## Task directions
Repeat all the records exactly, omitting pictures.

(Web page caption snippets)
*** Begin section ***

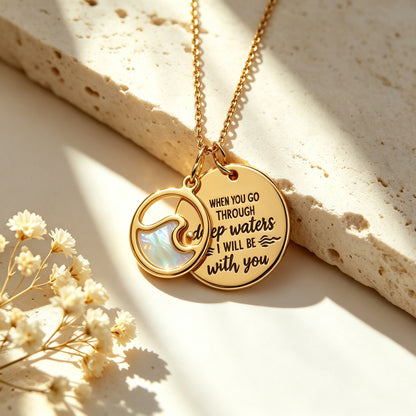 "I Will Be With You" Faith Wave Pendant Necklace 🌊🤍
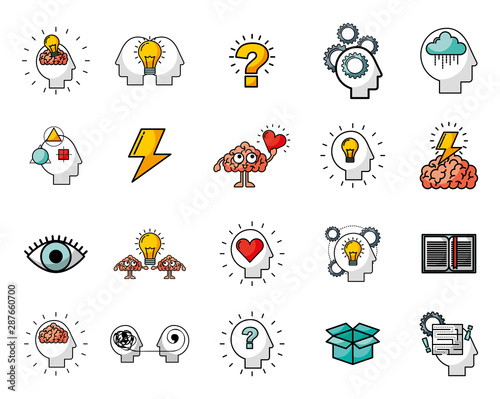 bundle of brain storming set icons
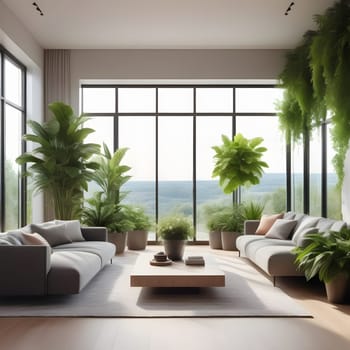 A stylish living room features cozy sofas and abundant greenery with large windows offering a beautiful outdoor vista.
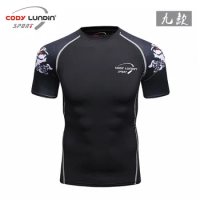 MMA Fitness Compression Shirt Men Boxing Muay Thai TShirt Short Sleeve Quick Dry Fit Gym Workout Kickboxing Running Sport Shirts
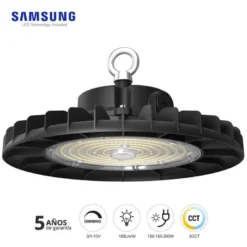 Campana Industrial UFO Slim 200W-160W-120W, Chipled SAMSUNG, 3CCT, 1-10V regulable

*** End section ***

## Answer area
 "I Will Be With You" Faith Wave Pendant Necklace 🌊🤍
 bundle of brain storming set icons
 A stylish living room features cozy sofas and abundant greenery with large windows offering a beautiful outdoor vista.
 MMA Fitness Compression Shirt Men Boxing Muay Thai TShirt Short Sleeve Quick Dry Fit Gym Workout Kickboxing Running Sport Shirts
 Campana Industrial UFO Slim 200W-160W-120W, Chipled SAMSUNG, 3CCT, 1-10V regulable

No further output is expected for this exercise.